Contro il Cagliari riapre il settore ospiti. Tra le due squadre c’è grande rivalità: tutti i motivi

Tra Napoli e Cagliari, non scorre buon sangue. Le due tifoserie sono da sempre molto rivali a causa di rancori covati negli anni, mai dissipati o inabissati. Ma nonostante questo decennale odio sportivo, il Napoli, per il match Napoli-Cagliari che si disputerà domenica alle 12:30, verrà riaperto il settore ospiti, sempre chiuso in passato, così da permettere ai tifosi sardi di poter assiste alla sfida.

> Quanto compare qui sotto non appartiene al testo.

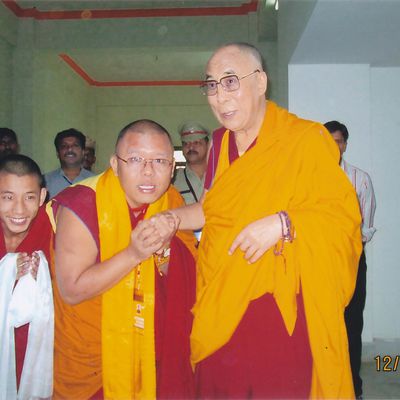 VISITE DE GUESHE AHBAY RINPOCHE DANS LE GERS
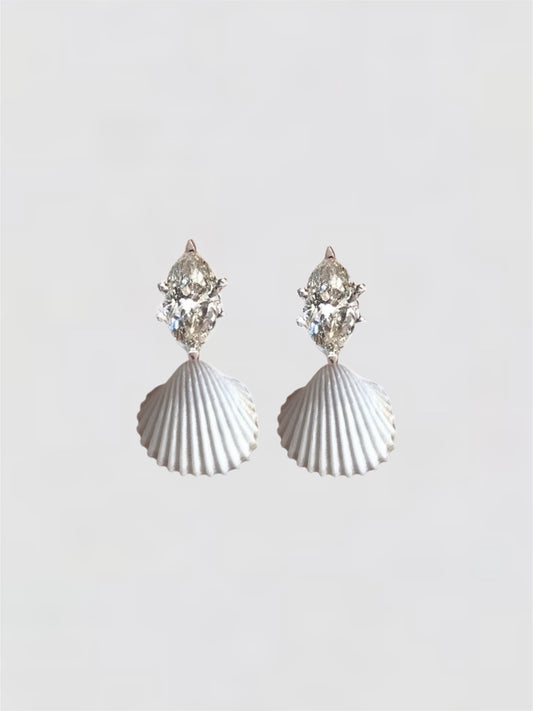 Royal Sea Earrings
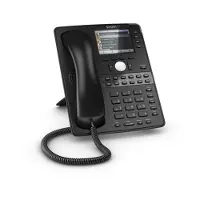 Snom D765, Telefoon, Zwart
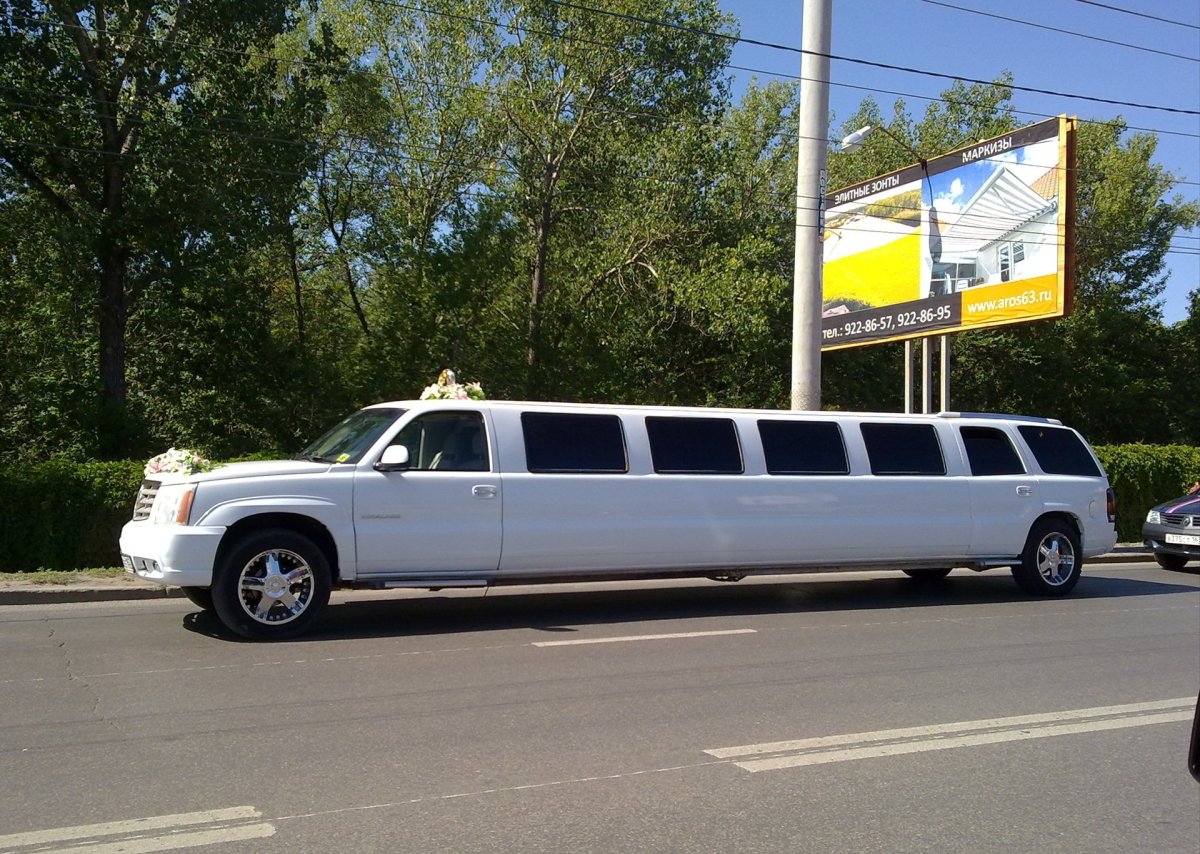 Кадиллак длинный Кадиллак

Ma ripercorriamo i motivi per i quali è esplosa questa rivalità:

L’OMBRELLO DI FONSECA: Il tutto ebbe inizio più di venti anni fa, precisamente nel 1992, quando Daniel Fonseca decise di trasferirsi dal Cagliari al Napoli. L’attaccante uruguaiano era il pupillo della società cagliaritana, ed era idolatrato come un Dio dalla tifoseria, per questo motivo quando decise di cambiare aria e trasferirsi dall’isola alla penisola, il suo gesto venne visto come un tradimento e in maniera consequenziale i risentimenti nutriti verso il giocatore, vennero riversati anche sulla squadra partenopea. Ma l’odio sportivo raggiunse l’acume quando nell’anno successivo in occasione di Cagliari-Napoli, l’attaccante non solo si rese protagonista di una doppietta che assicurò la vittoria al Napoli, ma infastidito dai fischi degli ex tifosi, destinò alla curva il famoso “gesto dell’ombrello”, decisamente poco gradito dai supporters rossoblu.

CAGLIARI-PIACENZA: Successivamente nel 1997-1998 le tensione tra le due squadre si inasprirono ulteriormente quando il San Paolo divenne teatro dello spareggio tra Cagliari e Piacenza, in cui l’intero stadio, a parte i 20 mila sostenitori del Cagliari, si schierarono a sostenere il Piacenza, tra i quali c’erano molti tifosi del Napoli. Anche se l’allora allenatore del Cagliari era Bortolo Mutti, tecnico prossimo al passaggio in azzurro per guidare nella nuova stagione calcistica il Napoli, questa potrebbe essere un’attenuante per giustificare e perdonare il netto appoggio al Piacenza dei tifosi azzurri. La partita terminò con la vittoria del Piacenza per 3 a 1 e l’immediata retrocessione del Cagliari.

LA PALLONATA DEL POCHO: Infine, come dimenticare il Napoli-Cagliari del 2009. Una partita impostata bene dagli azzurri nel primo tempo, per poi capovolgersi nel secondo con una incredibile rimonta dei cagliaritani ma terminata con un pareggio 3 a 3 in extremis grazie al goal di Bogliacino. Ma in quell’occasione, Massimiliano Allegri, allenatore del Cagliari, allontanò il pallone per evitare che Lavezzi battesse subito la rimessa laterale. Così il Pocho, noto anche per il suo carattere focoso, colpì in pieno Allegri. Ciò gli causò l’espulsione dell’argentino, ma con la soddisfazione di aver punito, in maniera originale, un gesto decisamente poco sportivo.